Recently, the band Coma made a comeback after years to play a few shows. Their resurrected popularity heated the fans to a fever pitch… Finally, zero-hour strikes. Thousands of fans are refreshing the page. Tickets vanish in the blink of an eye, like toasters on Black Friday. There’s only one left, and both Adam and Eve see it. They both quickly click “Reserve and Pay.” Click! The page reloads, a loading spinner appears… and behind the scenes, in the server room, a drama unfolds. A drama that will determine whether it’s Adam, Eve, or neither of them who will get to sing their favorite song in front of the stage… And if they’ll even find out what happened.
In that fraction of a second, the system has to decrement the ticket count, create a reservation, and process the payment. But what if both requests ensure that the last ticket is still available? Should two people be charged? Or what if the external payment provider returns an error, or simply times out?
If the ticket has already been reserved but the payment fails, neither Adam nor Eve gets it, but no one else can buy it.

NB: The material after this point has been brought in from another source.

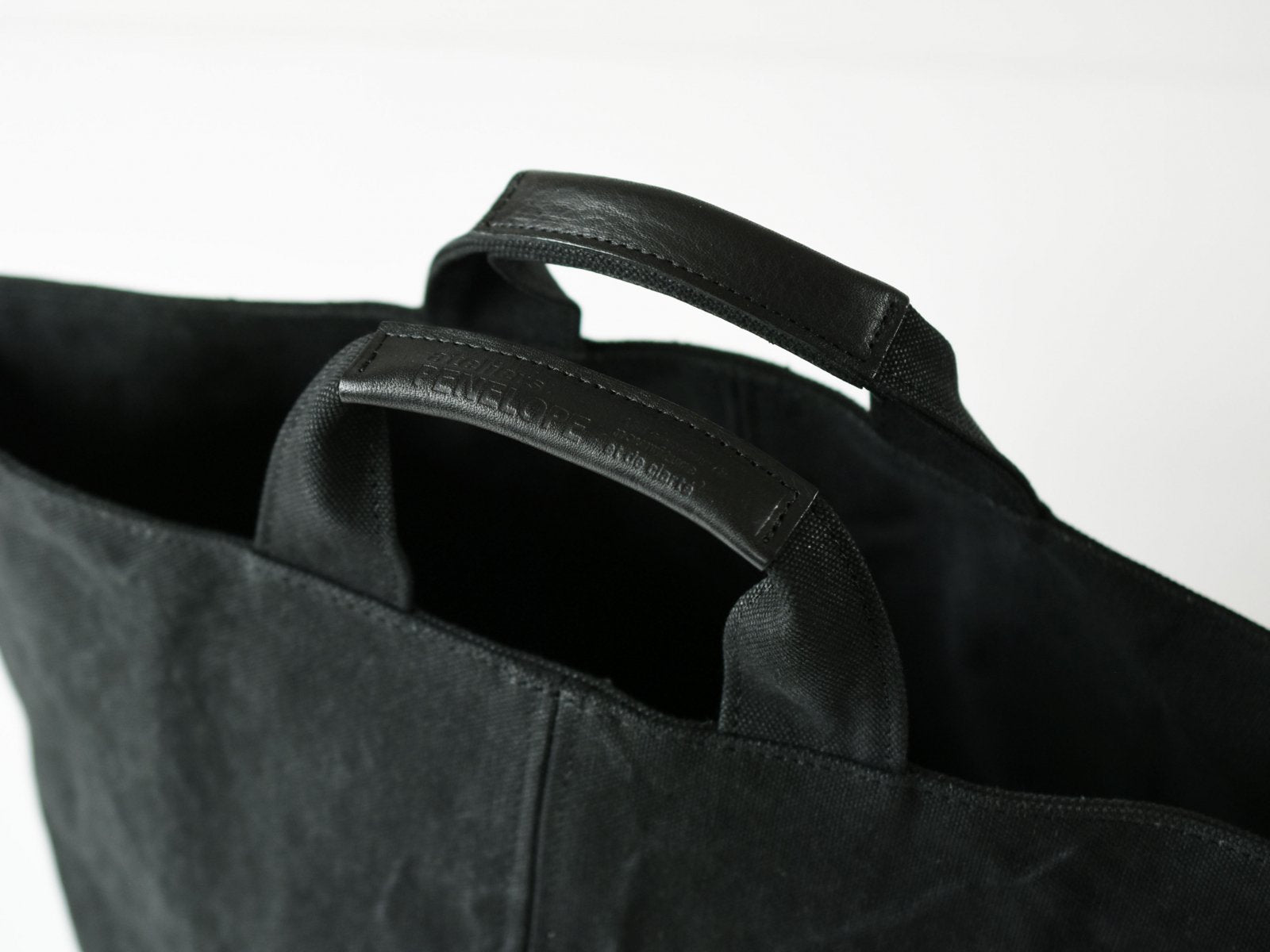 ateliers PENELOPE #6 Cylinder Bag – unexpected store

It’s frozen in a digital limbo. This is a scenario that gives everyone nightmares – not just Coma fans, but us developers, too.
So, how do you design a system that gracefully handles situations like these? The answer lies in combining the transactional guarantees of modern databases with design patterns crafted for the world of distributed systems.
In this article, we’ll analyze the code of a demo project to see how to do it right.
After reading this article, you’ll know
- What the fundamental transactional mechanisms in MongoDB are.
- How to handle race conditions using snapshot isolation.
- How to combine strong atomicity guarantees (ACID) with patterns that provide eventual consistency within a single business process.
- What the Transactional Outbox pattern is and how it solves the problem of unreliable communication in distributed systems.
- How to manage multi-step processes using the Saga pattern with a choreography model.
- How to ensure correct and efficient background job processing in a multi-instance environment.
- What eventual consistency is and why it’s a conscious architectural trade-off.
Architecture
Let’s start with a high-level overview of the architecture we’ll be implementing in this demo. Of course, the full code is available for you to download and run yourself.

At first glance, we can see three main acts of this process:
- Atomic order placement: Everything starts with a customer action that initiates a single, indivisible transaction. Within this operation, the system simultaneously reserves resources (e.g., tickets), creates a reservation document, and – crucially – saves a payment task in the database. This last step is the heart of the Outbox Pattern, which will be discussed further later on.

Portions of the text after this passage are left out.